Asked what kind of computer skills she had before the IoT course, Battan smiled and shook her head.

“I knew how to go to a website, (or do) word processing,” she said. “Now I know how to write code, how to fix it, what integers and (programming) strings are. I know how to connect to a different computer and how to have computers communicate with each other. I know how to collect and analyze data.”

Like her father, who works in information technology, Battan has always been good at math. But she never really understood his job, and she teased him whenever he lapsed into geek-speak—say, describing his projects by their IP address (that’s Internet protocol address, which is the numerical label assigned to any device using the Internet for communication).

On the strength of the IoT classes alone, Battan is now essentially following in her father’s footsteps. She has decided to major in “MACS”—math and computer science, a combined discipline that gives students the tools to analyze complex problems and compute the answers to them.

Under the MACS program, Battan will learn how to become a team player in a tech occupation. Her experience in Fickas’ course has already sparked in Battan interest in careers where she might use IoT approaches to help companies improve how they operate.

“I want to do some kind of real-world application,” Battan said. “Take data and manipulate it to help you find what you’re looking for.”

(Check out a new CIS minor that builds data-crunching skills for any field.)

Fickas encourages his students to engage in this kind of theorizing about possible applications for IoT. In fact, he requires it: the final project of the term is to devise ways that an elaborate system of sensors and small computers could improve the quality of life in Eugene.

It was easy for Sophia Gossard, a freshman majoring in architecture, to dream up some ideas—as a daily biker, she’s encountered numerous situations that could be improved with the emerging technology.

Bike theft, for example: Gossard proposed putting sensors in bike locks that could send a text to the owner if the lock is being jimmied or broken.

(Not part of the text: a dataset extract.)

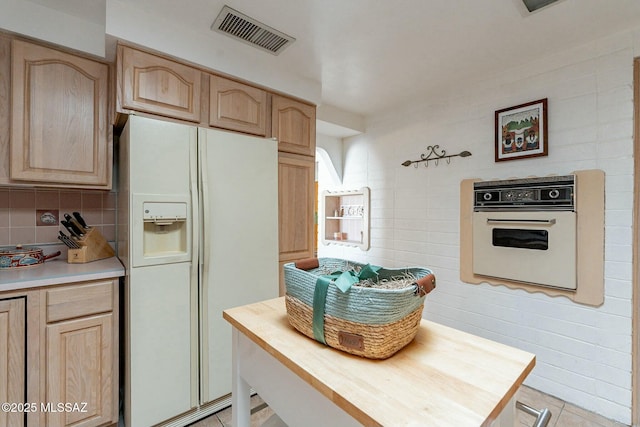 kitchen featuring light brown cabinetry, tasteful backsplash, white appliances, butcher block countertops, and light tile patterned flooring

Cars could be equipped with sensors that indicate when a biker in the blind spot is close to the car; in the event of a collision, the bikes themselves could carry impact sensors that send an emergency text to the police and paramedics, complete with the bike’s location.

“Before this class, I had no idea what ‘the Internet of Things’ meant,” Gossard said. “There are so many ways that you can use this technology to gather information and then distribute it.”

When teachers attack

On a Wednesday morning near the end of the 10-week term last fall, Fickas introduced Battan and the rest of the class to the flip side of the Internet of Things—namely, its vulnerability to attack.

Working from his laptop, Fickas was able to eavesdrop on data messages that the student teams were sending one another. Then, he injected faulty information and commands into the communication, corrupting how the students’ computers performed their tasks.

“Aaaaaah,” Battan muttered—“no, no, no . . .” Her network had been invaded, and now the sensors connected to her computer were producing line after line of fraudulent data.

“Your goal is to stop me from doing this,” Fickas said, chuckling—“other than throwing my laptop out the window.”

The students were instructed to come up with a secret word and include it in the coding used to make their computers perform tasks and talk to each other. Then, by directing their computers to recognize only messages and commands carrying that word, they were able to repel Fickas’ attacks.

Battan was a quick study: within minutes, she had set up an effective defense and could watch with amusement as Fickas—posing as her partner, Carson Hauth—tried and failed to hijack her computer. “He’s trying to hack me, but my computer is not running,” she said, smiling. “It’s waiting for the real Carson, not the fake Carson.”

Fickas calls these man-in-the-middle attacks. It was clear from the laughs erupting every time a team repelled his advances that this lesson in online security was a big hit.

But where IoT is concerned, the real lesson is that there’s no such thing as a perfect defense.

“It’s a cat-and-mouse game,” Fickas said. “You can stop a certain type of attack, but another one always springs up.”